There, exactly, was the rub. The Fourth Amendment bans only "unreasonable" searches and seizures, and the reasonableness of actions connected with impending nuclear attack can scarcely be compared with the reasonableness of a burglary of a psychiatrist's office more than two months after the Pentagon papers had leaked.

The permissibility of various actions shifts with the surrounding facts. Thus, as Columbia's Abraham Sofaer, a former U.S. prosecutor, notes, the FBI has often taken national security actions that are not strictly legal but are not sufficiently egregious to get the Government agents themselves in trouble. The issue in the plumbers' break-in falls farther along the spectrum: Was their action so grossly without justification that they should be prosecuted?
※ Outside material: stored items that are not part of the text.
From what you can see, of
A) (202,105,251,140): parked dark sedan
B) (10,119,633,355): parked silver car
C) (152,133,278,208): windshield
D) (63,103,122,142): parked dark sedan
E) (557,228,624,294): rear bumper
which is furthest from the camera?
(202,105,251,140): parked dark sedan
The Ehrlichman burglary argument seems even more tenuous given his insistence that neither he nor the President actually authorized the break-in anyway. So why did he raise it? Probably to lay groundwork in case he should be criminally charged in connection with the actions of his men.

Debate over the extent of presidential powers has a long history. Abraham Lincoln, in the extremes of the Civil War, went farther and actually claimed the right to ignore the law in order to save the nation. "Would not the official oath be broken," he asked, "if the Government should be overthrown when ... disregarding [a] single law would tend to preserve it?" William Howard Taft took the other side, arguing that "the President can exercise no power which cannot be fairly and reasonably traced to some specific grant of" authority. The danger of "an undefined residuum of power," he added, is "that it might lead under emergencies to results of an arbitrary character, doing irremedial injustice to private rights."

The attempted burglary of Ellsberg's psychiatrist's office seemed to many to fit exactly that description but lacked even the possible saving grace of an emergency to justify it--and hence was unworthy of the rich philosophical questions debated in the Senate Caucus Room last week.